No, this is not a victory. It is just one of the figures of a brutal restriction of our horizon of enunciation. Every revolutionary process is, at the same time, a molecular revolution, that is, a structural transformation in the fields of desire, language, affectivities. But this molecular process can also run in a vacuum when a revolution in the material reproduction structures of life, deep down, is not on the agenda.

In this sense, the discourse against “identity agendas”, which was consolidated in 2013, is just a way of not understanding the real problem. He is not there where some believe he is. These guidelines are not even “identitarian”. They are the true “universalist” guidelines,[ix] because they remind us that the naturalization of markers of violence against race, gender, religion, sexual orientation, coloniality prevents any advent of a real universalism. But the left itself has recently learned to use such guidelines to hide from itself that it has nothing more to offer in terms of effective transformation.

It thus pushes such guidelines to be vehicles of dynamics of integration to a completely disintegrated society, of recognition in a society that is not capable of ensuring nothing more than the deepening of dynamics of dispossession and social suffering. The tendency of the social movements that support such agendas is, to a large extent, to be partners in state power, guarantors of a government for which they cannot offer the necessary system of external pressures.
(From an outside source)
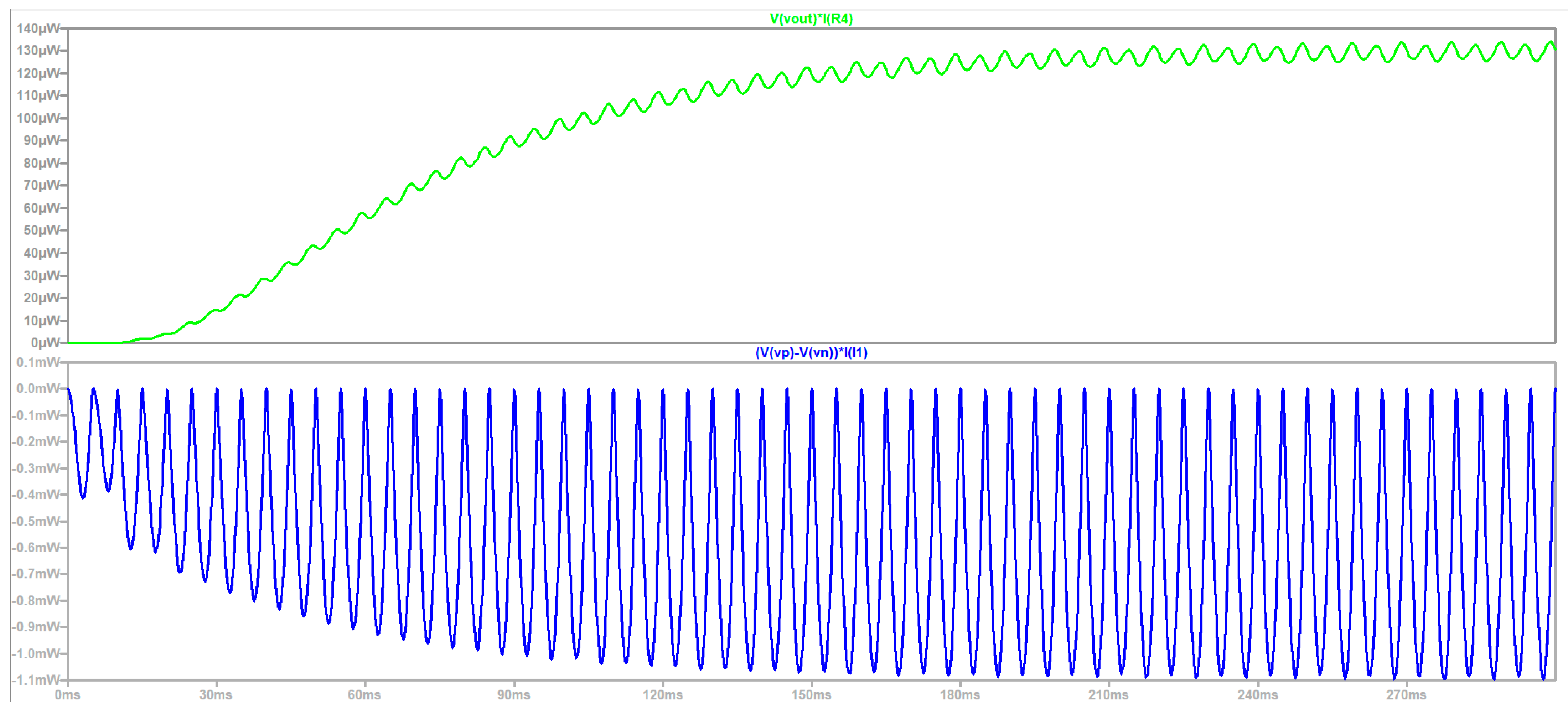 Electronics 14 01083 g034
Today, ten years after 2013, this is the place of the national left. Therefore, it is possible to say that 2013 was a suspended event, a missed opportunity. Let this be a moment of reflection before a new rise of the extreme right among us and the loss of yet another opportunity.
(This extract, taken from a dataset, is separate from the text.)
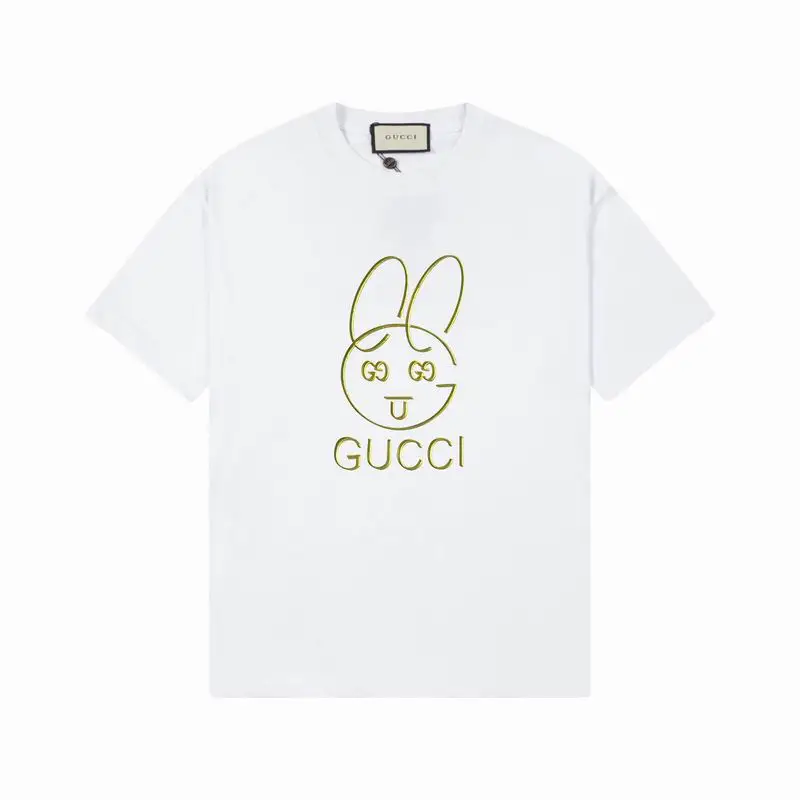 Gucci S-2XL dgtr25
*Vladimir Safatle He is a professor of philosophy at USP. Author, among other books, of Ways of transforming worlds: Lacan, politics and emancipation (authentic).

Originally published as a book chapter June 2013: The Phantom Rebellion, organized by Breno Altman and Maria Carlotto (Boitempo).

Notes


[I] See BALIBAR, Etienne, NEGRI, Antonio and TRONTI, Mario; The demon of politics, Paris: Amsterdam, 2021

[ii] See AGAMBEN, Giorgio; The community that comes. Belo Horizonte: Autêntica, 2016. The use of this concept for the Chilean case was made, among others, by KARMY, Rodrigo; El porvenir se hereda: fragments of an uprising Chile, Santiago: Sangría, 2019.

[iii] STREECK, Wolfgang; How will capitalism end? Essays on a failing system, London; Verse, 2016.

[iv] On fear as a central political affect, see SAFATLE, Vladimir; The circuit of affections, Belo Horizonte: Autêntica, 2016.

[v] See AGAMBEN, Giorgio; state of exception, São Paulo: Boitempo, 2004; ALLIEZ, Eric and LAZZARATTO, Maurizio; wars and capital, Sao Paulo: Ubu, 2021.

[vi] As we see in BADIOU, Alain; Le réveil de l'histoire, Paris: Seuil, 2011.

[vii] For this problem, I refer to SAFATLE, Vladimir; Violence and libido: fascism, psychic crisis and molecular counterrevolution, in Estilhaço Magazine (www.estilhaço.com.br)

[viii] MARIGHELLA, Carlos; Call to the Brazilian people, Sao Paulo: Ubu, 2020.

[ix] I refer to SAFATLE, Vladimir; just one more effort, Belo Horizonte: Authentic, 2022.